You need to define "not scaling well" more explicitly. Where you
seem to be doing so "the signal to noise has been dropping... trolls...
number of comments... repetition of comments", I'm pretty sure I don't
agree with you.
There are some articles that generate a lot of discussion -- close to
400 comments in some cases. There are an awful lot that float around a
score or two comments. This is a broad range of interest levels, and is
a good thing: K5 can accommodate an intimate conversation, or a rollicking
debate society. Number of comments is not of itself a bad thing.
Repetition will naturally occur in long threads. You'd need something
akin to a Wiki to avoid this. That's not a K5 design goal.
There are more trolls. There was a rather interesting episode
earlier this evening as I write in which an author became unhappy about
a story that was dropped from queue (hey, it's happened to me too). But
the overall troll level is pretty damned low, and even now the hidden
comments display rarely shows more than one hidden post every day or
two. How does this compare to Slashdot again?
Signal to noise -- this is probably true, but with increased size,
the really good signal is increasing, and the moderation system tends to
pick it up. Not always, not perfectly, but pretty damned well for a
pretty simple system.
So, I have to ask, what's your specific goal. You're going to do
better describing your preferred system, and then designing controls to
help assure it. I don't see this here -- you've got an awful lot of
design, but not much goal.
There is a certain logic to having some resource limits on
specific system actions. How this gets tied together, I'm not really
sure, and any system is probably going to be relatively ineffective
against concerted attack -- you have to remember that there's no such
thing as an authenticated user on K5. A K5 userID is as close as the
nearest free email service. Still, it might make sense to have some
sensible limits per user, such as posts and submissions per day and/or
week. A set of descending limits -- say:
- 3 posts/minute
- 15 posts/hour
- 40 posts/day
...might make sense.
- 2 submissions/day
- 5 submissions/week
I am somewhat interested in ideas for making it worthwhile for people
to post high quality submissions, and not post low quality ones. I
haven't had any compelling ideas on this myself though. I'd also like
to encourage quality moderations, and discourage low quality
ones -- a key problem, of course, is working out what a quality
moderation is. A related problem is working out what K5 has of value
to provide its users. I suppose you're indirectly suggesting that
privileges to post, comment, and moderate, are those benefits.

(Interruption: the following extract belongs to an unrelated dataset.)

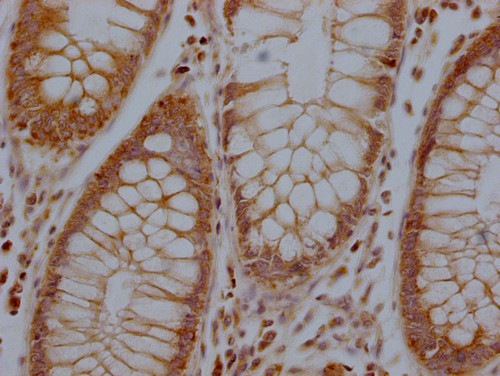 RHBDF2 Antibody in Immunohistochemistry (Paraffin) (IHC (P))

Which gets to a few other issues.
Really abusive behavior only exists on the fringes. There
have been a handful of cases of flagrantly abusive moderation practices
(and a few more of people taking up vendettas or tit-for-tat campaigns,
but to little effect). We've had a couple of flameouts. There's Sig11,
thurler, and streetlawyer. And for the most part, K5 creaks and groans
around them. Limits sufficient to restrict comment postings or article
submissions would almost certainly have a more oppressive effect on the
white hats at K5, stifling conversation. It's better to have effective
monitoring systems to identify abusive accounts and cancel them than to
penalize everyone in the possibility that they might misbehave.
Unbalanced incentive schemes do more harm than good.
Case in point is Slashdot karma whoring. K5 Mojo is
mostly...worthless. I get to see some of the low-level crap that's
posted here. Hardly a compelling benefit. OK, so to sooth my ego, I
get a '0' rating to swat imbeciles with. Better than nothing, but as Rusty puts it, the thing that makes Mojo work so well is that it's really not worth anything.
Cumulative benefits promote distortions. This is
another element of /. karma, and is the reason why K5 moderation (and
Mojo) is on a 1-5 floating point scale, rather than an open-ended cumulative point system -- which now has caps hacked onto it. Mojo isn't something you can
bank. It's not something you can use to get ahead of the pack. You're
either approaching perfection (5). Quantity doesn't matter, quality does. And in the case of Mojo, old basis is aged out over time -- your score is present-weighted.
Where incentives and weights are used, they should be tailored
to goals. I'm pretty convinced that none of the specific
values for scores you've suggested are suitable. I'm also pretty
convinced that suitable values would most likely only emerge from a
predictive scoring model based on statistical analysis, for a system such
as you're presenting. By simplifying the system to a set of activities
and resource limitations on these activities, a direct correlation can
be determined. This simplifies cause and effect, and management. Not
that resource limits are necessarily required.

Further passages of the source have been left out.